The only thing more important than keeping lawns trimmed exactly to Shaker Heights code is ensuring that upward mobility is passed down from generation to generation. That order is what Elena loves about the city and her life. And that order is upended—the first match struck against the matchbook, if we’re speaking in the title’s extended metaphor—when Mia Warren arrives.
She’s a nomadic artist, moving with her daughter from town to town, picking up odd jobs and renting small apartments until it’s time to pick up and leave again. Her presence unsettles Elena, as their lives progress from being circumstantially connected—she rents an apartment in an investment Elena owns—to intimately intertwined.
Mia’s daughter, Pearl, goes to school with and befriends the Richardson children and is welcomed into their home and a world of wealth she’s never seen. To keep an eye on her, Mia takes a job as the Richardsons’ housekeeper, and in turn earns the affection of Elena’s daughter, Izzy—affection that Elena is desperate for, but denied.
Mia is someone whose entire worldview disrupts Elena’s, as Elena’s made a life’s work out of ensuring that her own would never have to be questioned—even if she fancies herself a progressive, politically correct ’90s liberal. Did you know her daughter is dating an African-American boy?
Everyone’s relationships are tangled in lies and secrets, false smiles and telling people what they need to hear. Mia’s entire existence in Shaker Heights, in fact, is owed to a lie. A lie that leaves her no choice but to get too involved in the custody case of an adopted child and the immigrant mother who gave her up. It’s the kindling that, by the end of the series, gives the series its name.
It goes without saying that Witherspoon is very good at playing a bitch. She captures the good intentions in a woman’s desire for control, and revels in the lack of filter enjoyed by Queen Bees who buzz around their own safe spaces.
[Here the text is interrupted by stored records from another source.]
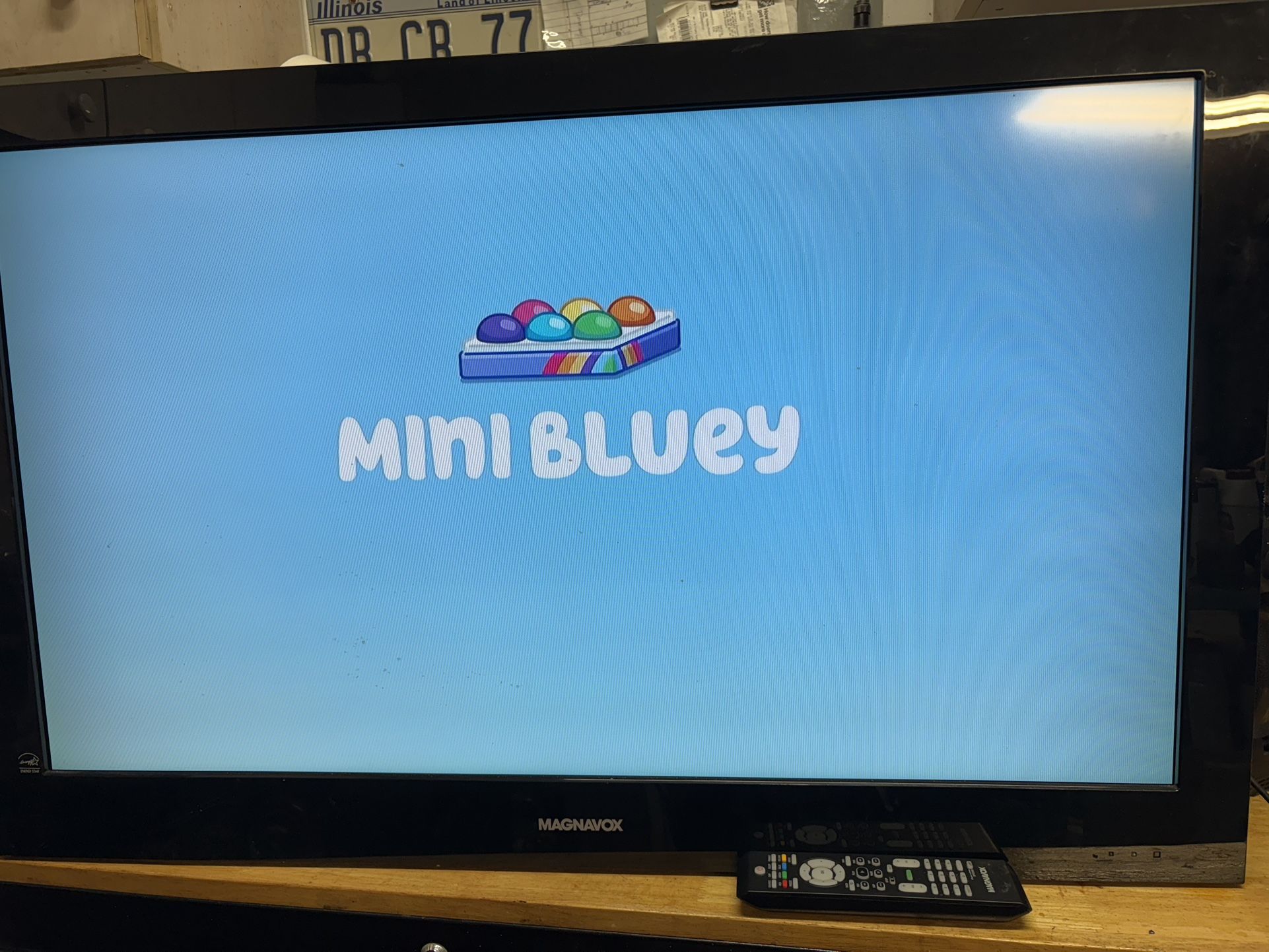 37” Magnavox TV/Monitor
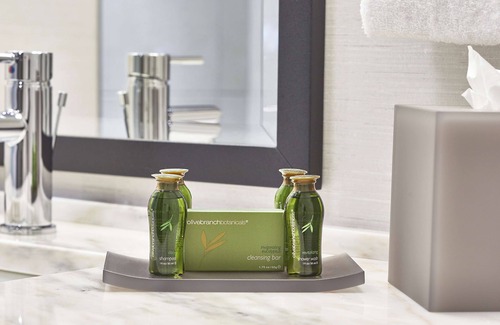 Alpharetta Hotel | The Hamilton Alpharetta, Curio Collection by Hilton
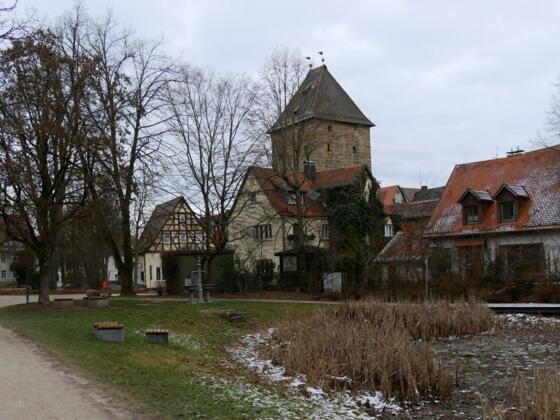 Rossweiher in Altdorf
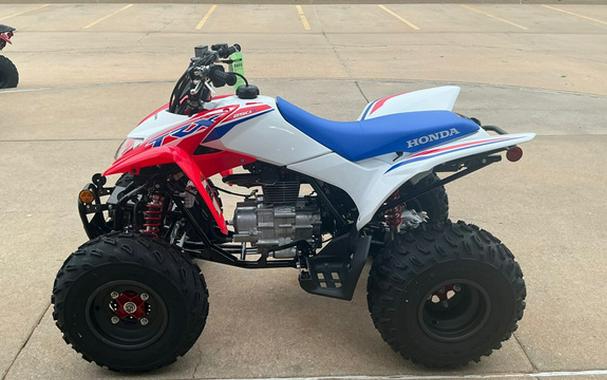 2026 Honda TRX 250X
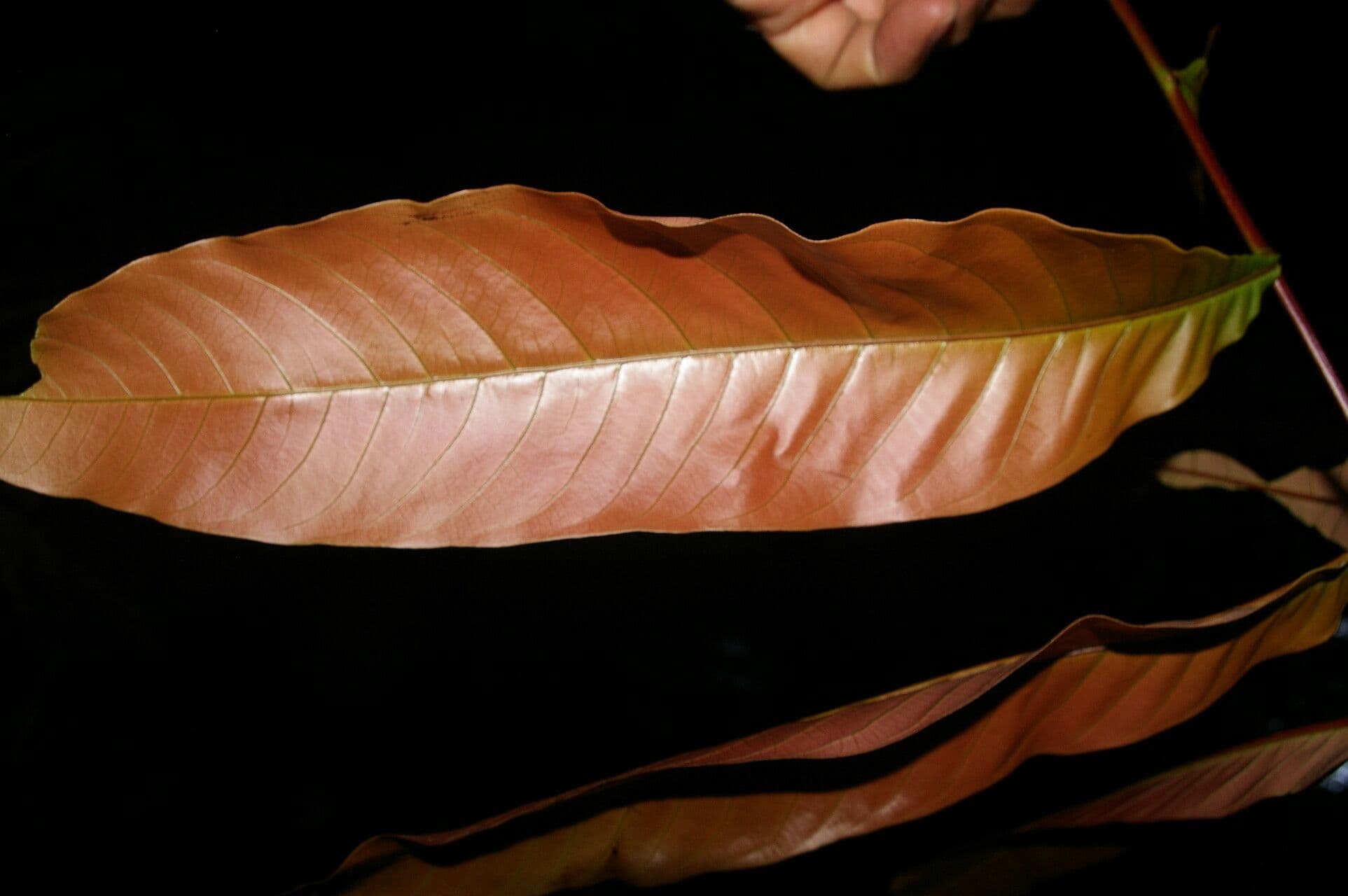 Oreomunnea 3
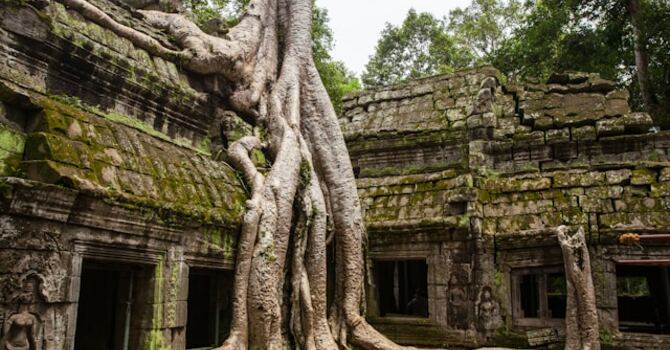 Youth - Going Deeper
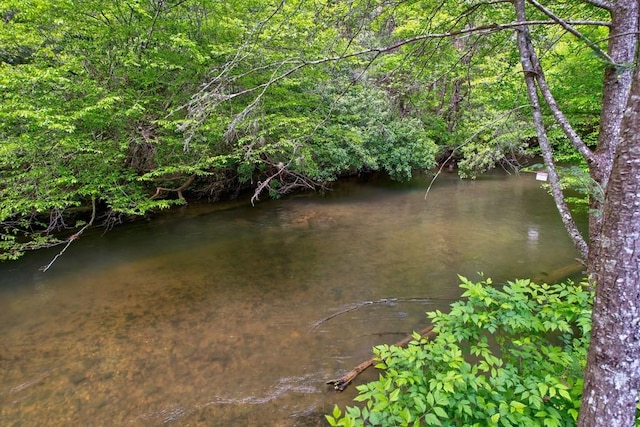 369 Trillium Rd, Suches, GA 30572 - water view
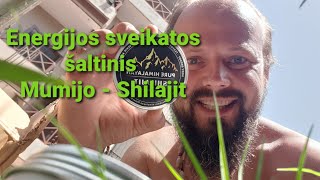 Mumijo  Shilajit nauda  Kaip vartoti [upl. by Kesia]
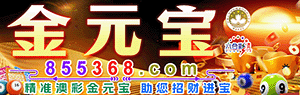 金元宝高手坛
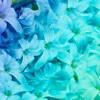 Shop cool personalized teal artificial flowers with unbelievable discounts. Https Encrypted Tbn0 Gstatic Com Images Q Tbn And9gcsynrrcax3hf2uojuqsu5evu1mddfcj4zlqmspm7tfsrvbiw 2v Usqp Cau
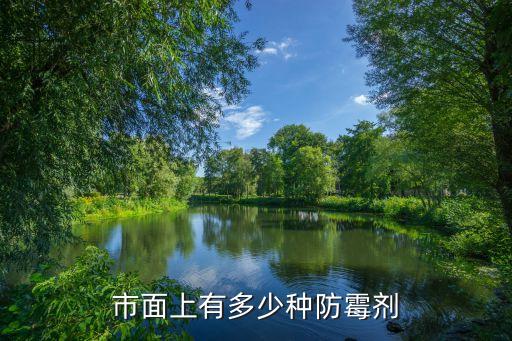 市面上有多少種防霉劑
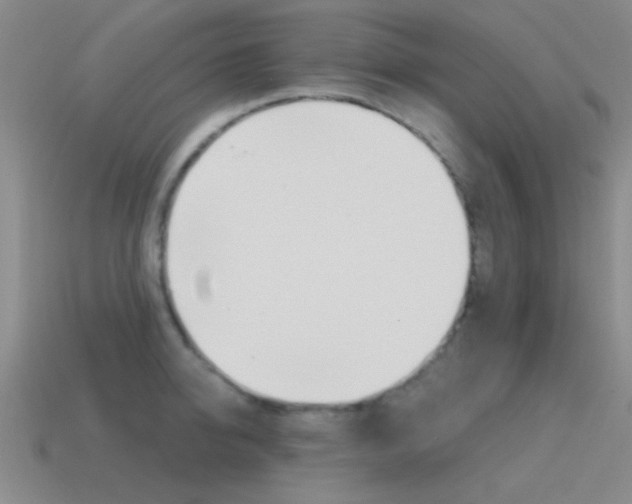 X0000115650950200911101113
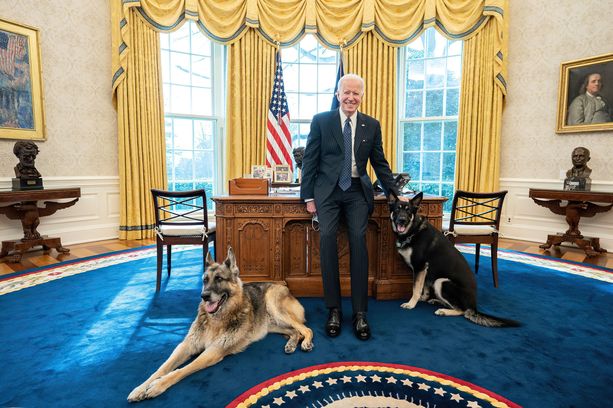 Näin iloisesti Joe, Champ ja Major Biden poseerasivat presidentin työhuoneessa tasan kuukausi sitten.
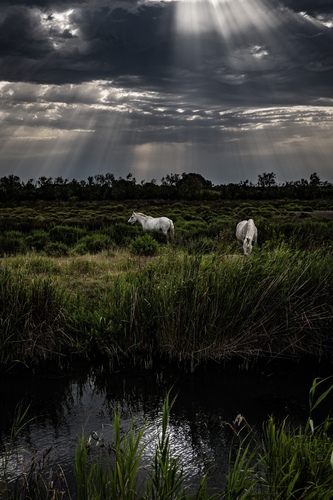 The Camargue light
There are merits to looking at Elena Richardson as some sort of Tracy Flick fan fiction, what Witherspoon’s Election character would be like all grown up. And one could certainly see Elena and Big Little Lies’ Madeline Martha Mackenzie being bonded as alumni of the same sorority; Delta Nu, even, to bring Elle Woods into it.
But it’s too much of a dismissal of Witherspoon’s talents to discuss her performance only in terms of those previous roles. She calibrates something fresher here, somehow both villainous and more empathetic than ever before—and in those ways may even be more recognizable than those other characters.
Washington’s Mia exists on a different energy plane. She’s had to, in order to survive in this world. Washington’s work is always forceful and assured, and it’s no different here. But Mia has to navigate the world differently than Olivia Pope on Scandal could, or Kendra in last year’s American Son. That force is powerful, but it’s quiet, still.
Mia doesn’t announce herself, her thoughts, or her feelings. She brings them with her everywhere. You always see them. They weigh her down. She is forced to swallow her pain, swallow her comebacks, swallow her desires. It’s remarkable to see how much—rage, resentment, compassion, yearning, frustration—is telegraphed in tiny flicks of expression on Washington’s face, as Mia buries and soldiers on.
It’s one iconic actress acting against type, and another shading what she does best. For all the imperfections and missteps in adapting the source material, these lead performances are what light the match. It’s the fire you tune in to see burn.